Opinion
No. ED 101652
06-23-2015
Erika Renee Eliason, Columbia, MO, for Appellant. Chris Koster, Attorney General, Mary Highland Moore, Assistant Attorney General, for Respondent.
Erika Renee Eliason, Columbia, MO, for Appellant.
Chris Koster, Attorney General, Mary Highland Moore, Assistant Attorney General, for Respondent.
Kurt S. Odenwald, Presiding Judge
Introduction
Appellant William Murphy (“Murphy”) appeals from the judgment of the Probate Division of the Circuit Court of Marion County (“the probate court”) committing Murphy to secure confinement in the custody of the Department of Mental Health as a sexually violent predator (“SVP”) pursuant to Sections 632.480 through 632.513. Murphy pleaded guilty to first-degree sexual abuse in 1983 and was sentenced to prison. On April 16, 2013, prior to Murphy's scheduled release from prison, the State filed a petition to have Murphy committed as an SVP. On July 2, 2013, House Bill 215 (“HB 215”) was signed into law amending the definition of a “sexually violent offense.” Murphy subsequently filed a motion to dismiss the State's petition seeking to commit Murphy as an SVP. Murphy reasoned that at the time the State's petition was filed, first-degree sexual abuse was not a qualifying offense for purposes of commitment under Section 632.480. The probate court denied Murphy's motion to dismiss. On June 27, 2013, pursuant to a stipulation, the probate court entered a judgment committing Murphy to the Department of Mental Health as an SVP.
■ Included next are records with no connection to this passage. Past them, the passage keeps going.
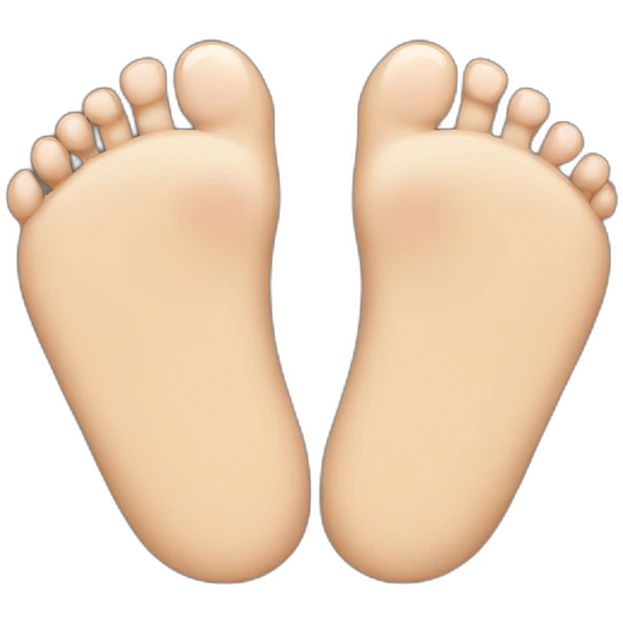 feet emoji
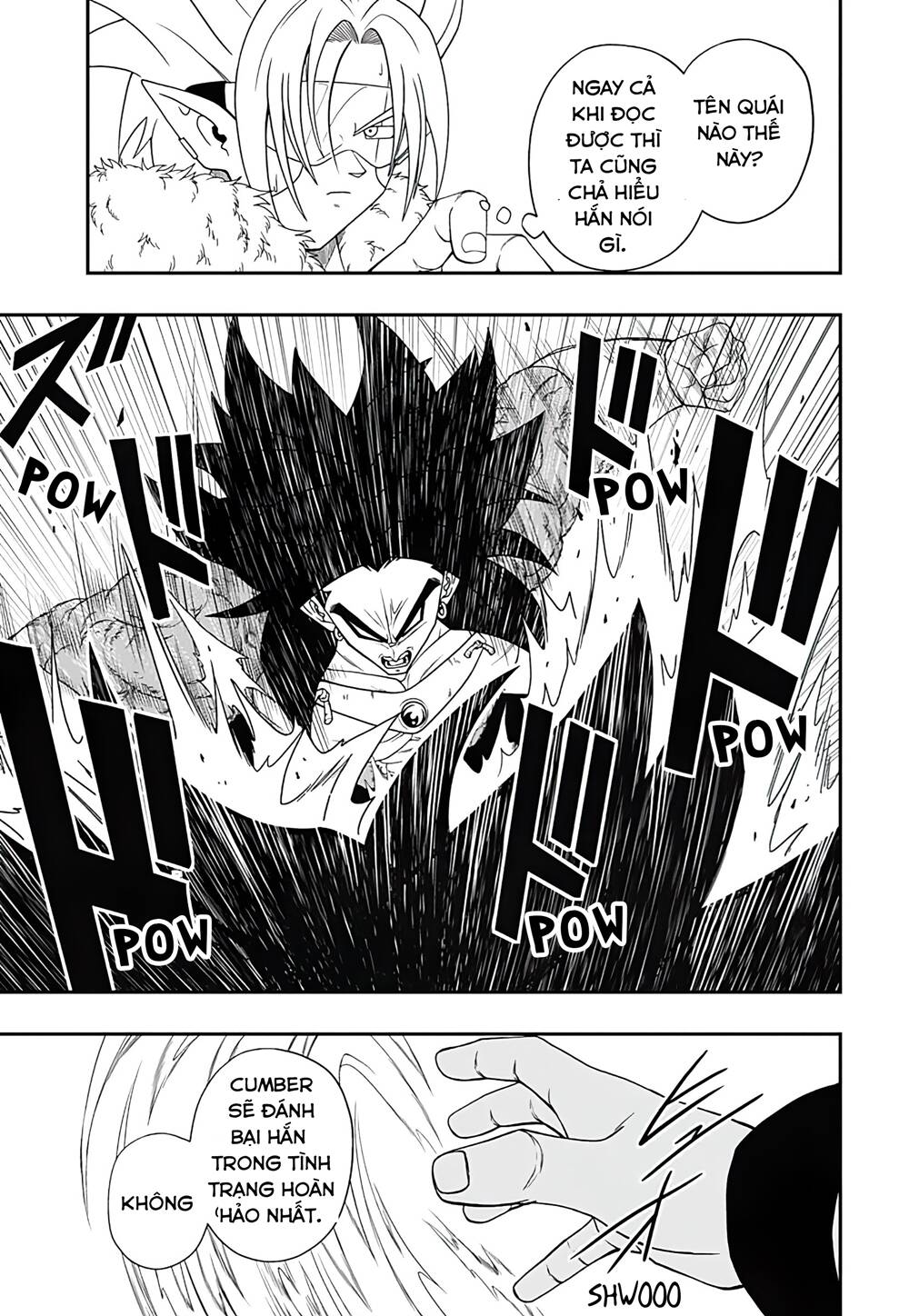 thế giới ngọc rồng: hành tinh ngục tù chapter 15 19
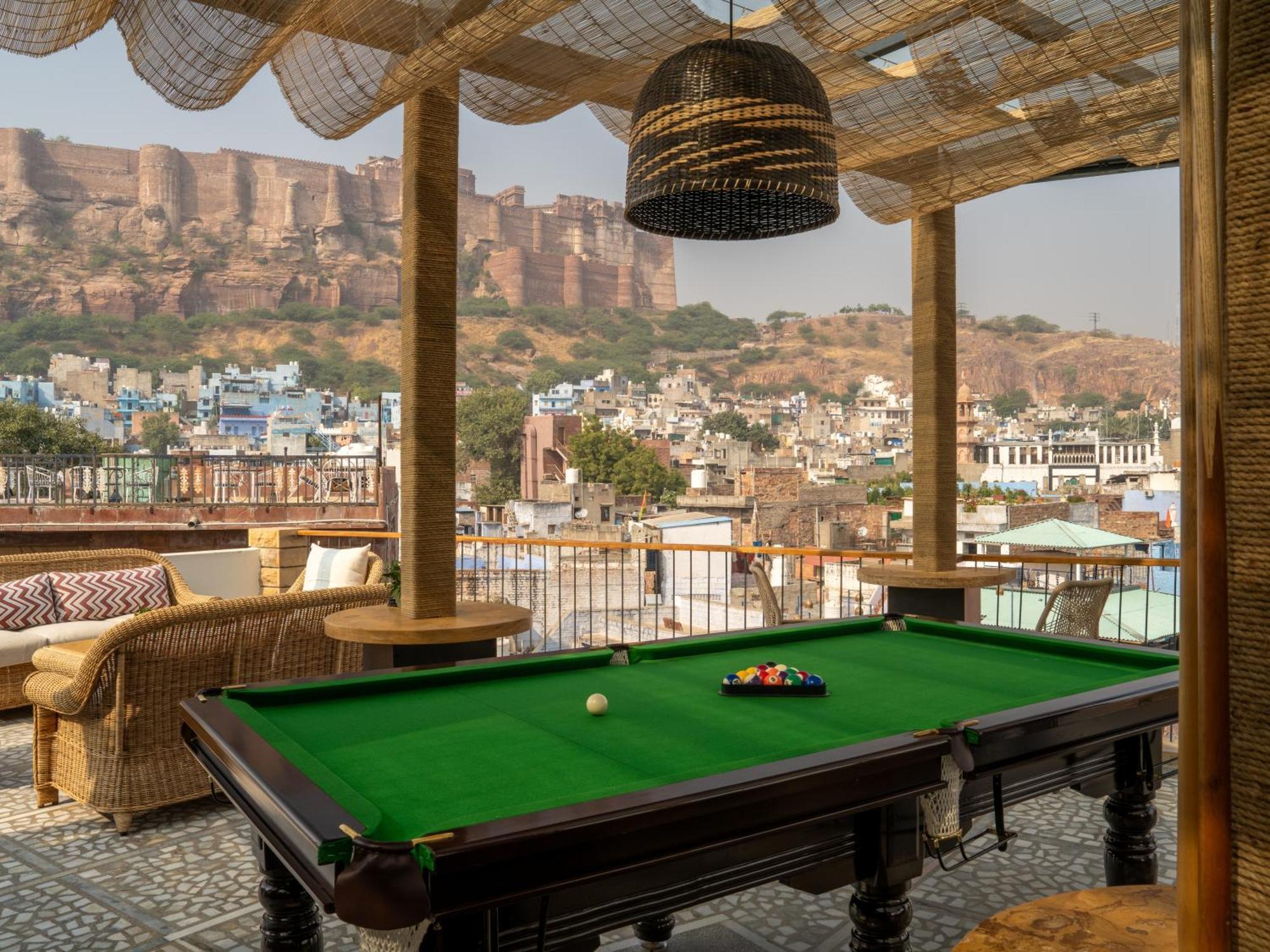 The Stepwell Hotel Jodhpur  Luaran gambar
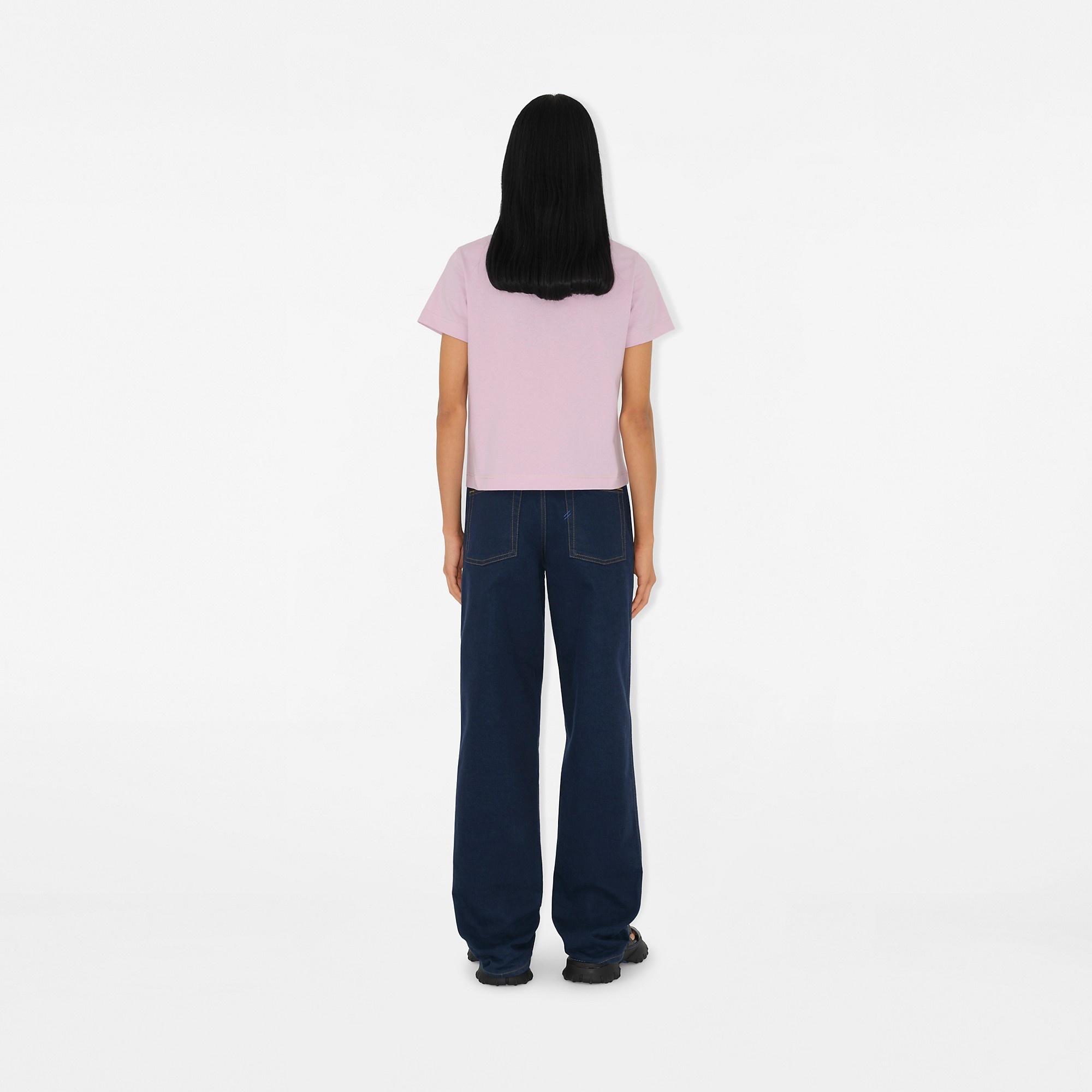 Boxy Cotton T-shirt - 4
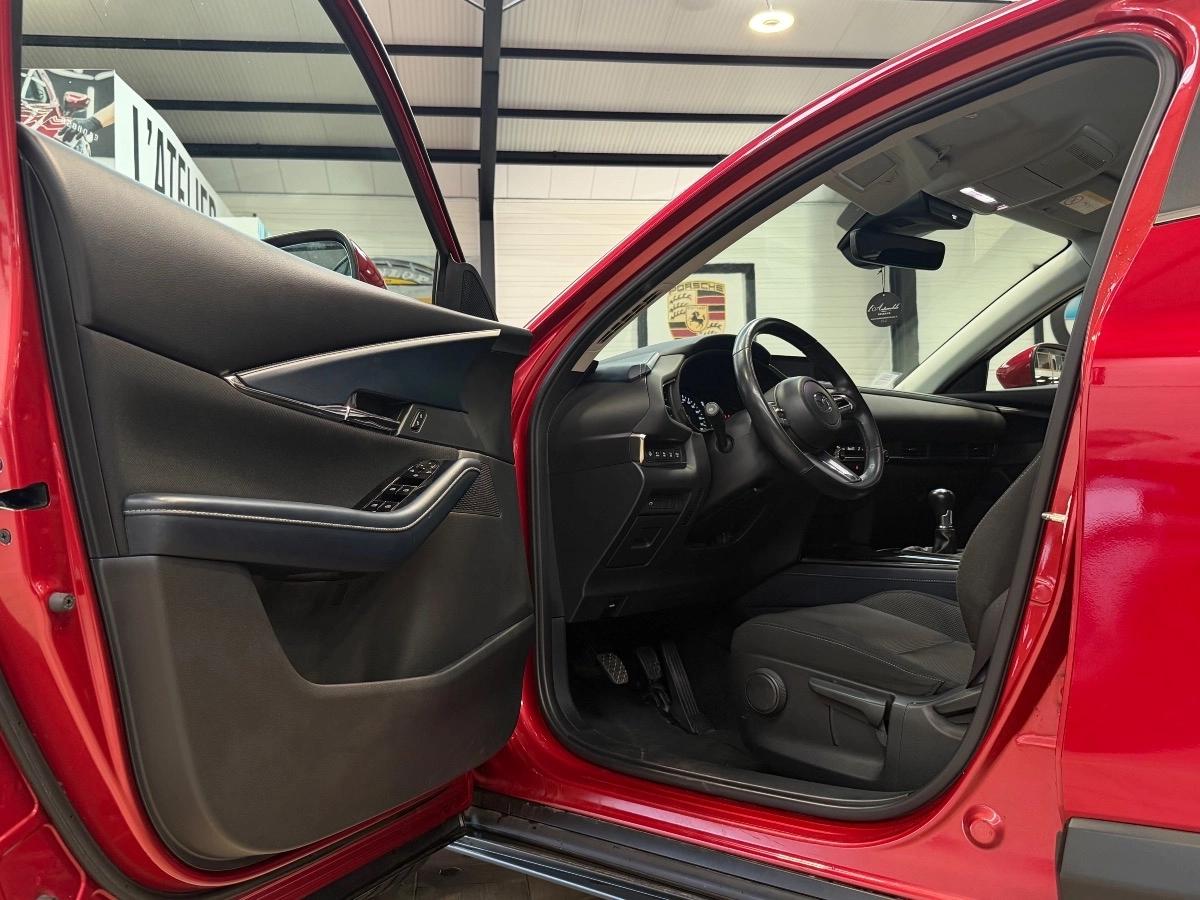 Mazda Cx-30 2.0 SKYACTIV-G MILD HYBRID 122CH - SPORTLINE - ENTRETIENS CONSTRUCTEUR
All statutory references are to RSMo. 2000.
On appeal, Murphy contends the probate court erred in denying his motion to dismiss the petition because he did not qualify for commitment as an SVP. Specifically, Murphy argues that first-degree sexual abuse was not a qualifying offense under Section 632.480(4) at the time the State filed its petition to have him committed. Murphy maintains that the subsequent amendment to the statute constitutionally could not be applied retroactively because the amendment was a substantive change in the law affecting his fundamental right to liberty. Because the legislature clearly intended that the amendments to the SVP statute apply retroactively, and because the retroactive application of the SVP statute is not unconstitutional, the probate court did not err in applying the amended statute to Murphy's case. Accordingly, we affirm the judgment of the probate court.
Factual and Procedural History
Murphy pleaded guilty to first-degree sexual abuse on September 20, 1983, and was sentenced to prison. Murphy was scheduled to be released from prison on May 2, 2013. On April 16, 2013, the State filed a petition pursuant to Sections 632.480 through 632.513 (“Missouri's SVP statute”) to civilly commit Murphy as an SVP. The petition stated that Murphy had been convicted of first-degree sexual abuse and suffered from a mental abnormality that made him more likely than not to engage in predatory acts of sexual violence if released.
Missouri's SVP statute establishes the process by which the State may civilly commit a person determined to be an SVP. Under the statute, an SVP is defined as “any person who suffers from a mental abnormality which makes the person more likely than not to engage in predatory acts of sexual violence if not confined in a secure facility and who ... [h]as pled guilty or been found guilty in this state or any other jurisdiction ... of a sexually violent offense.” Section 632.480(5). Section 632.480(4) lists a number of offenses that qualify as “sexually violent offenses.” In April of 2013, when the State filed its petition to commit Murphy as an SVP, Section 632.480(4) listed only “sexual abuse” among the qualifying offenses.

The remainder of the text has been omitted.